To do:
Print exactly what appears from the line containing "Marvel Spider-Man Youth" through the final line of the data below, pictures excluded.

═════ Raw data

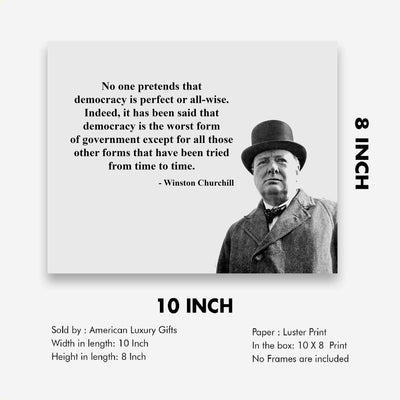 Winston Churchill- Quotes Wall Art-"Democracy Is Not Perfect"- 8 x 10" Portrait Wall Print-Ready to Frame. Retro Photographic Home-Office-Library-School D?cor. Perfect Gift for Government Buffs.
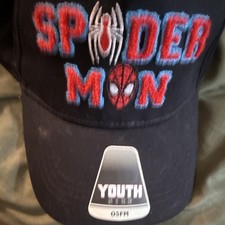 Marvel Spider-Man Youth OSFM Black Baseball Cap Embroidered Adjustable Cotton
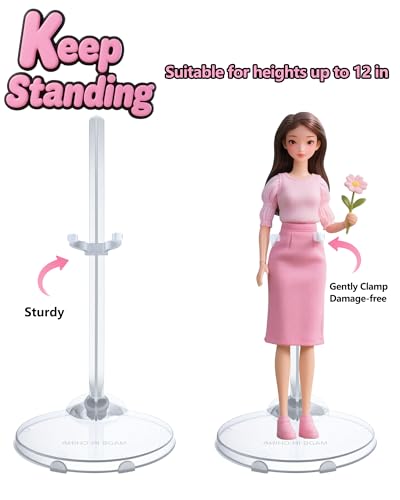 Image of 12 Pcs Adjustable Doll Stands - Transparent & Lightweight Display Rack for Dolls, Action Figures & Monsters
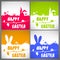 Happy easter colorful vector illustration cards Set with the big-eared rabbits silhouettes on the meadow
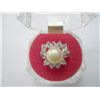 Image 1 : PEACH PEARL WITH CZ SILVER RING; METAL: SILVER; PHILIPP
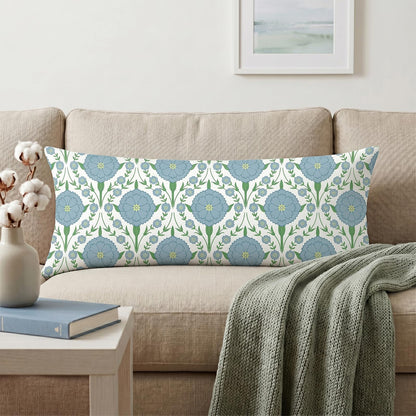 Block Print Floral Long Lumbar Pillow Covers, 14x36 Inch — Floral 2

══════════

Answer:
 Marvel Spider-Man Youth OSFM Black Baseball Cap Embroidered Adjustable Cotton
 Image of 12 Pcs Adjustable Doll Stands - Transparent & Lightweight Display Rack for Dolls, Action Figures & Monsters
 Happy easter colorful vector illustration cards Set with the big-eared rabbits silhouettes on the meadow
 Image 1 : PEACH PEARL WITH CZ SILVER RING; METAL: SILVER; PHILIPP
 Block Print Floral Long Lumbar Pillow Covers, 14x36 Inch — Floral 2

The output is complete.